Großbritannien Flughafen Gatwick vorerst wieder geöffnet

Die Ankunftstafel am Flughafen Gatwick zeigt am Mittwoch verspätete und umgeleitete Füge an.

(Foto: dpa)
  • Drohnenflüge hatten Gatwick seit Mittwochabend lahmgelegt.
  • Jetzt ist die Start- und Landebahn des Londoner Großflughafens wieder offen.
  • Eine Entwarnung gibt es trotzdem nicht; die Polizei geht davon aus, dass jemand bewusst den Flughafen lahmlegen wollte.

Nach dem Drohnen-Chaos der vergangenen zwei Tage hat der Londoner Flughafen Gatwick den Flugverkehr wiederaufgenommen. Die Start- und Landebahn ist derzeit geöffnet. Eine begrenzte Zahl von Flügen sind für Abflug und Landung eingeplant, teilte der Airport am Freitagmorgen auf seiner Webseite mit.

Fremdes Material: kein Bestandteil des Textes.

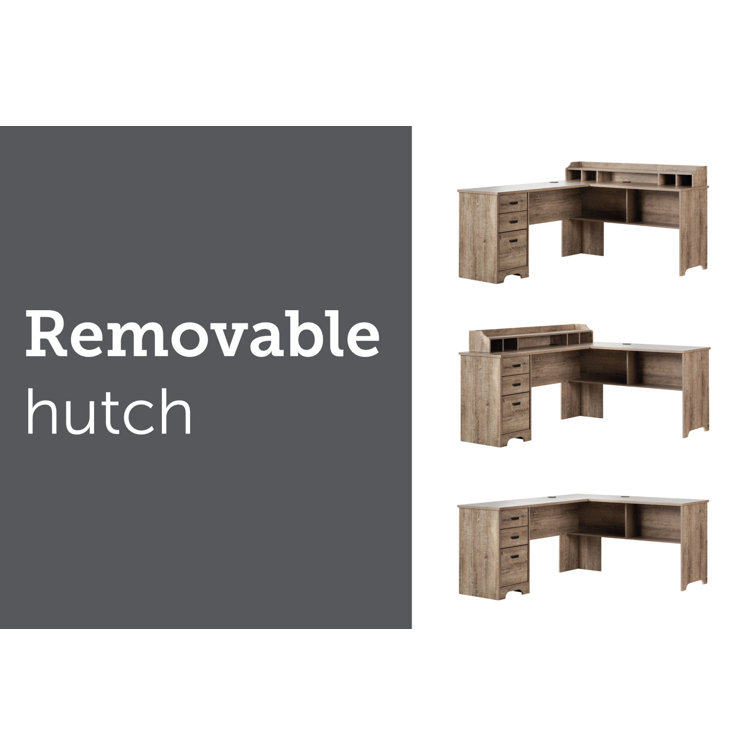 South Shore Weathered Oak L-Shaped Corner Desk with Hutch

Dennoch sollten Passagiere den Status ihres Fluges prüfen, bevor sie sich auf den Weg zum Flughafen machten, hieß es dort weiter. Es werde weiterhin zu Verspätungen und Ausfällen von Flügen kommen. Am Donnerstag waren 115 000 Reisende betroffen, am Freitag werden eigentlich weitere 126 000 Menschen in Gatwick erwartet.

Weil eine, zeitweilig sogar zwei Drohnen stundenlang über dem Sicherheitszaun und einer Landebahn gesichtet wurden, hatten sich die Behörden aus Sicherheitsgründen entschlossen, den Flugverkehr einzustellen. Mehr als 800 Flüge wurden bislang gestrichen.

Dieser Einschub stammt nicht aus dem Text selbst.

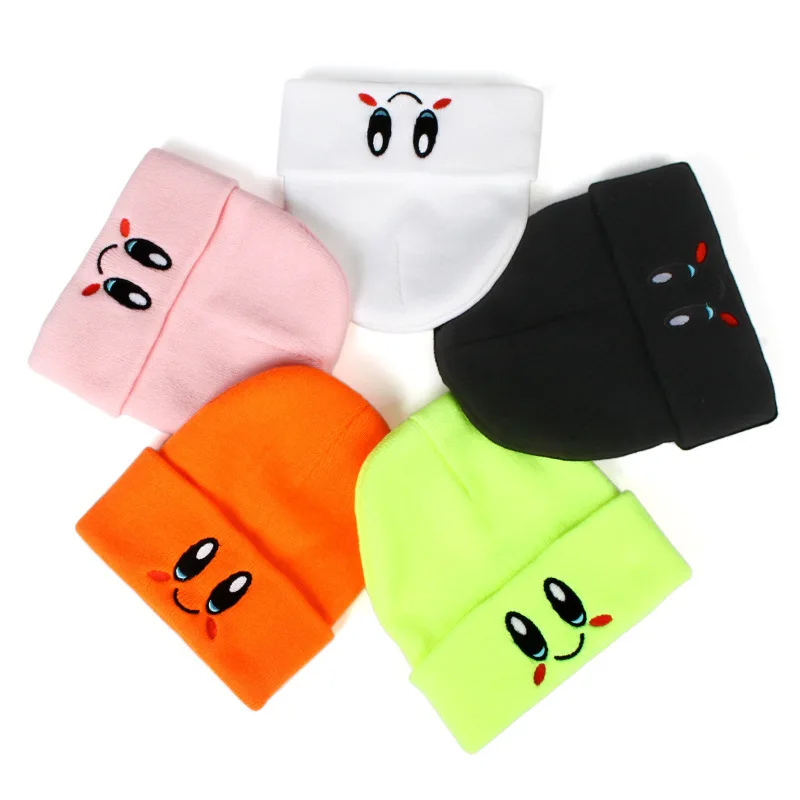 Casual Beanies Skullies KIRBYS Lovely Face Embroidery Knitted Hat Bonnet Cap Girls Boys Skiing Warm Unisex Beanie Accessories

Seit Mittwochabend war in Gatwick - abgesehen von einer dreiviertelstündigen Unterbrechung - kein einziges Flugzeug mehr gelandet oder gestartet. Ankommende Maschinen mussten umgeleitet werden und teils Hunderte Kilometer entfernte Airports wie Amsterdam und Paris ansteuern. Das Unternehmen Ryanair kündigte an, soweit möglich auf dem Flughafen London-Stansted auszuweichen.

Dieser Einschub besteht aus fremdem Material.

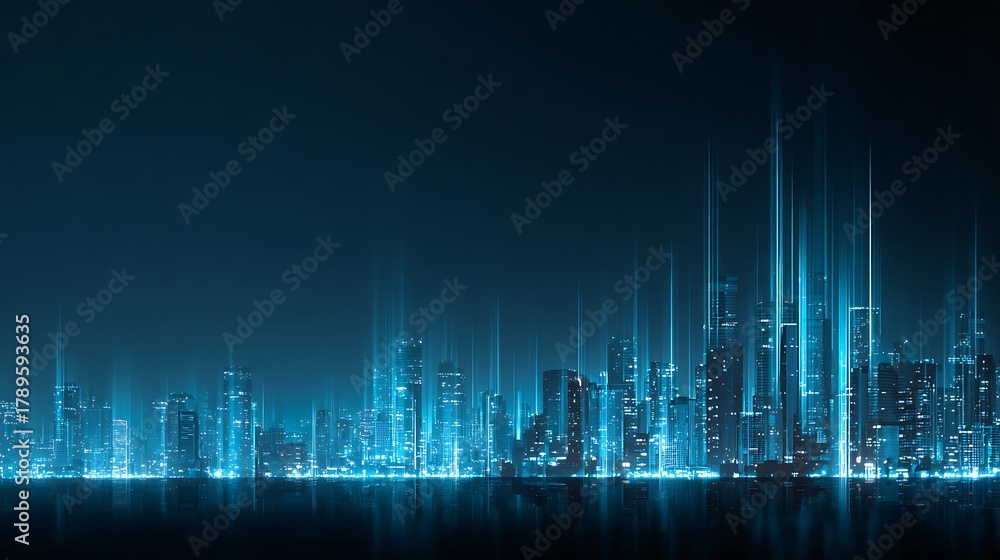 Fototapeta premium A glowing futuristic skyline filled with radiant finance energy lines representing digital transaction power.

Bei den mindestens zwei Drohnen handelt es sich nach Einschätzung der Polizei nicht um Hobby-Fluggeräte. Sie seien vielmehr für den professionellen Einsatz bestimmt. "Das ist eine präzise geplante Aktivität, die darauf ausgelegt wurde, den Flughafen lahmzulegen und maximale Behinderungen in der Vorweihnachtszeit zu bringen", teilte Gatwick-Geschäftsführer Stewart Wingate mit.

Hinweise auf einen terroristischen Hintergrund gab es laut Behörden zunächst nicht. In den ersten 24 Stunden nach Einstellung des Flugbetriebs zählte die Polizei mehr als 50 Drohnen-Sichtungen.